AUTHOR: Tom Bowden, CEO, HealthLink & Vice President, MSIA
Many healthcare IT aficionados think of interoperability as a ‘magic broom’ that will sweep healthcare’s problems magically aside, connecting IT systems to one another and finally bring the benefits of information technology to an industry stuck in the nineteenth or twentieth century.
Alas, interoperability is a little more complex than that. More realistically interoperability should be thought of a process of knitting together systems so they talk to one another and in a country such as Australia, government has a vital role in determining which standards should be used and exactly how they should be combined – setting this out in as straightforward a manner as possible,
One of the key aspects is setting interconnection standards. Government’s role should be to help industry to choose the right standards and then to ensure they are implementing them correctly.
In the first of a series of commentaries on clinical messaging we look at the emergence of FHIR – The Fast Health Interoperability Resources standards, the latest approach to interoperability emerging from the Health Level Seven (HL7) organisation. FHIR is an innovation that many people think may be a significant leap forward. FHIR has a distinctly Australasian flavour.

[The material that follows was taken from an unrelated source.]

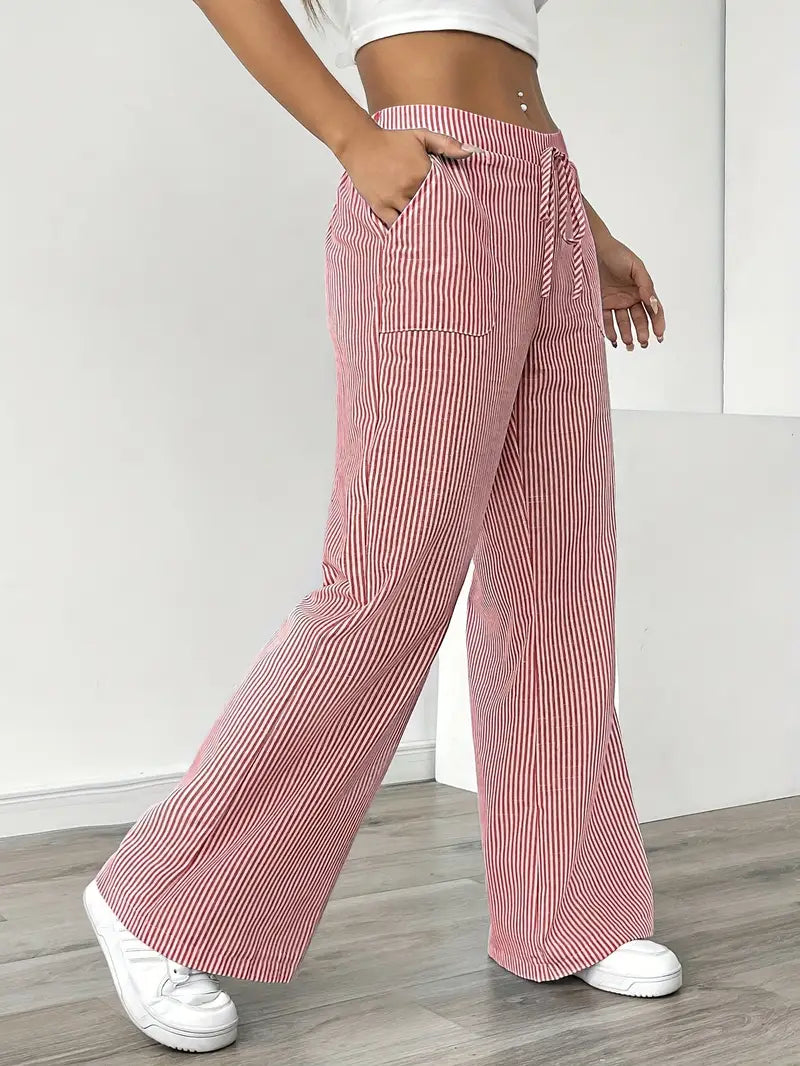 Sheila | Women's High-Waisted Striped Drawstring Pants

FHIR is the brainchild of Graham Grieve who is credited as being the evil genius who brought it to fruition.
For many years Anzac cousins Australia and New Zealand have argued good-naturedly over various Australasian icons Pavlova, Pharlap, Russell Crowe, Split Enz all belong to the Kiwis (according to them). The latest dispute is over the “ownership” of HL7 Guru and principal FHIR originator Grahame Grieve. In his younger years (perhaps while planning a parliamentary career) Grahame became an Australian citizen, renouncing his Kiwi roots, however in a final twist to the tale, Grahame has revealed that he was in fact born in Australia and moved to Dunedin as a child, before finally making his mind up and returning to Australia for good.
Firstly, who or what is HL7?
Health Level Seven (HL7) is an organisation set up by Duke University in 1988 to standardize the means by which healthcare’s computer systems could talk to one another.
This endeavour took an unexpectedly rapid upward turn with the discovery of a highly successful proprietary electronic data interchange format. This was further developed and became known as HL7 v2, the world’s most widely used electronic data interchange (EDI) standard -in any industry sector.
HL7 version 3, was a very promising failure. Entire countries spent huge sums of money trying to implement it and saw it collapse under its own weight. HL7 v3 was an attempt to utilise the highly successful extensible mark-up language (XML) as the basis for developing a new language for health information exchange. General consensus is that the engineers ran amok with it and it became far too complicated.
When the dust settled, only one useful component emerged and that was Clinical Document Architecture (CDA) which is enjoying modest success in a number of countries, Australia among them.
CDA (for managing documents) and HL7 v2 (for exchange of simple clinical messages) are likely to remain in place for the foreseeable future.
And where does FHIR fit into the picture?
Interoperability is becoming about accessing data across many systems, both inside and outside the organization and presenting it to clinicians in a way that is usable and actionable in their workflows.
The FHIR standard has the ability to provide vastly simplified, accelerated and effective clinical information sharing between systems and it is catching on fast.
Vendors are busily developing “FHIR-compatible” capabilities and tools. However, while we can all agree that while FHIR holds great promise for the future of interoperability, the industry shouldn’t abandon the existing HL7 v2 and CDA standards.
FHIR will need to coexist with other standards for the foreseeable future. For a start, there is no compelling economic argument to replace the billions of dollars’ worth of existing health IT systems that use other standards.
It is likely that FHIR will become a translation layer, pulling V2 messages or CDA documents apart and storing them as FHIR resources. Using FHIR as a translation layer will allow systems to take advantage of FHIR and its capabilities.
Healthcare organizations need to be thinking about ‘a strategy for a developing hybrid standards environment’ by implementing solutions that operate with a variety of standards.
Rather than replacing or abandoning their existing technology investments in systems that are far from the end of their lifecycle, organizations should look for solutions that aggregate data from a variety of systems operating with older standards – as well as newer systems based on FHIR.
So please go ahead and develop innovative uses for FHIR but I strongly suggest that you do not view it as a ‘rip and replace opportunity’ but rather a new tool that you can add to your interoperability toolkit.